PORTLAND Catholic school teacher Michael Crowe yesterday told a parliamentary inquiry his career had been destroyed for trying to report inappropriate priest behaviour.
“I’ve been persecuted, harassed, bullied,” Mr Crowe said during the inquiry into institutionalised child abuse sitting in Ballarat.
Mr Crowe said he caught a priest inappropriately touching a student in 2010 and tried to report it but was ignored.
“There is no support and protection for Catholic whistleblowers in the system. The organisation is corrupt from the top down.”
His wife Carol said their children had changed schools three times and they had to sell their house because it was too close to the original school.
“There is a sense of disgust at what’s happened to us,” Mrs Crowe said. Mr Crowe, who still lives in Portland, is no longer working as a teacher.
Anne Ryan’s 25-year career as a Catholic school teacher ended abruptly in 1996 when her job was threatened for trying to expose sexual abuse.
“I resigned that day,” Ms Ryan told the inquiry.
Ms Ryan said her entire career had been spent teaching in the Ballarat diocese until she began to have concerns about sexual abuse. She complained to the then Ballarat bishop Ronald Mulkearns — who she said described paedophilia as an “illness” — and representative Catholic bodies, but was ignored.

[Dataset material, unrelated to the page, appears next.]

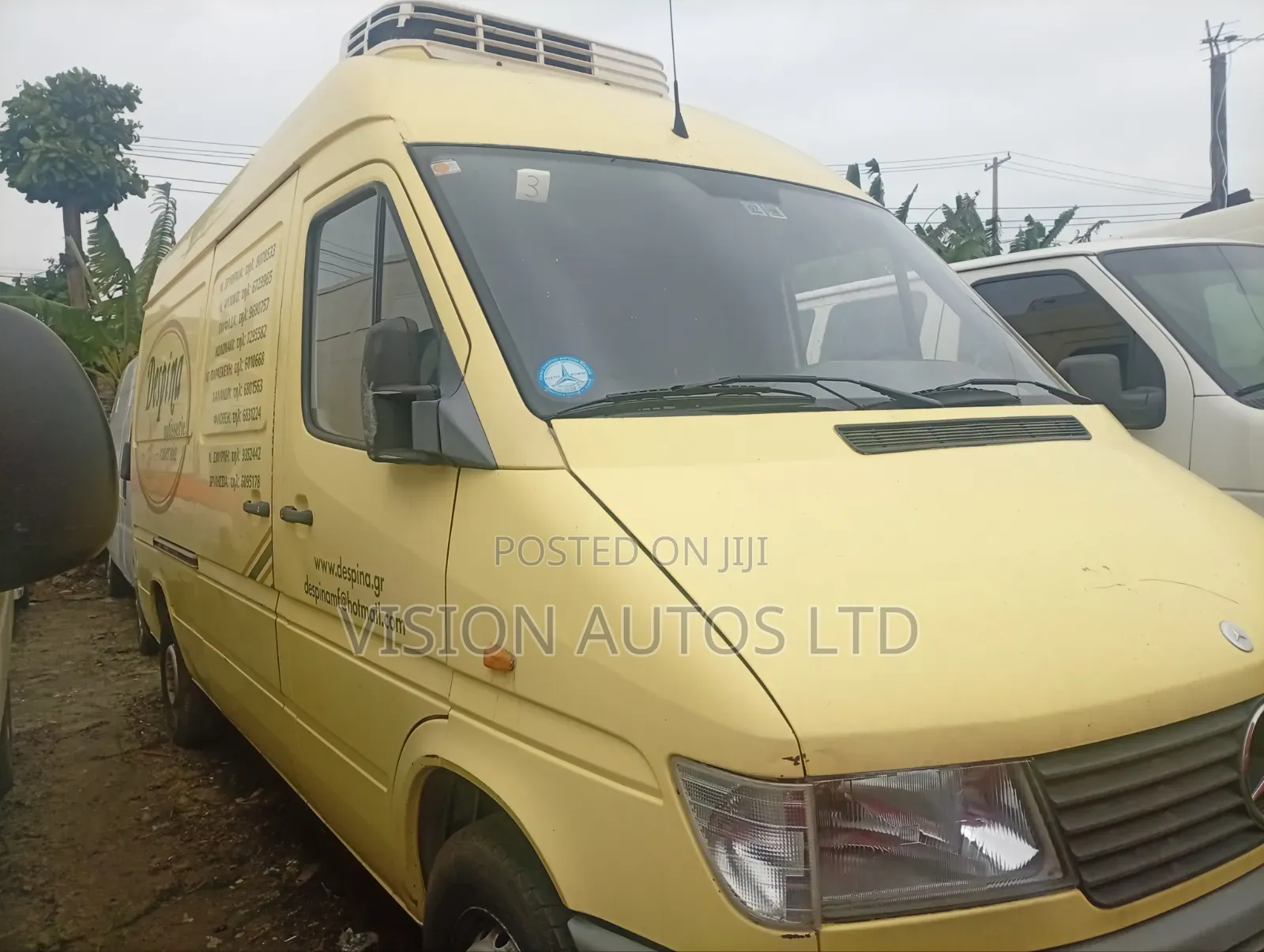 Mercedes-Benz Sprinter 2010 Yellow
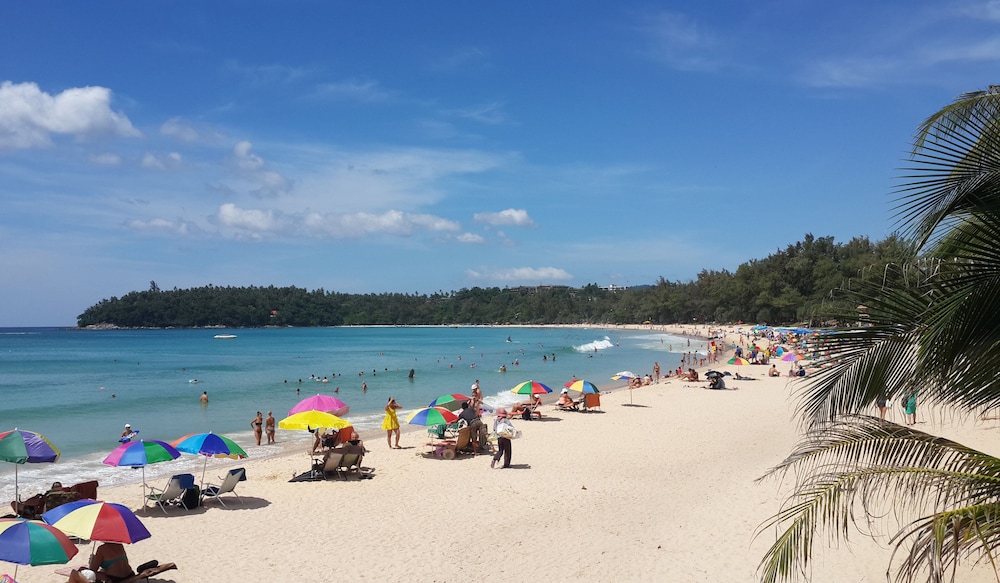 Kata Beachwalk Hotel And Bungalows 71/74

“Due to the inaction within the church, I began to use my voice more publicly,” Ms Ryan said. “I contacted Broken Rites, I wrote letters to the editor, I even went on a Four Corners program to try to raise the issue.
“In 1996, both the principal and the parish priest of my school actively threatened my position if I continued my activities in the public domain.”
Ms Ryan said she attended the inquiry to speak for the boys she taught. “I am their voice. Hopefully we are moving towards peace, justice and some kind of recovery.”
Ms Ryan said Bishop Mulkearns was also not on the same page as people who needed help. “I think that they (the church) think they are beyond the law.”
Speaking at yesterday’s inquiry, Peter Blenkiron called for concrete outcomes to stop more suicides or early deaths caused by drug and alcohol abuse. For years Mr Blenkiron battled suicidal thoughts playing like a stereo in his head, telling him he was worthless. “But the more support you get, the more the volume goes down,” he said.
Seven survivors told their stories at the inquiry at Ballarat Lodge, many breaking down in tears or displaying photos of themselves at the age of the abuse.
Anne Murray said one of her brothers, Anthony, died from AIDS at 33. Anthony was repeatedly raped by Father Gerald Ridsdale in a tent on a school camp, which continued on their return to Ballarat.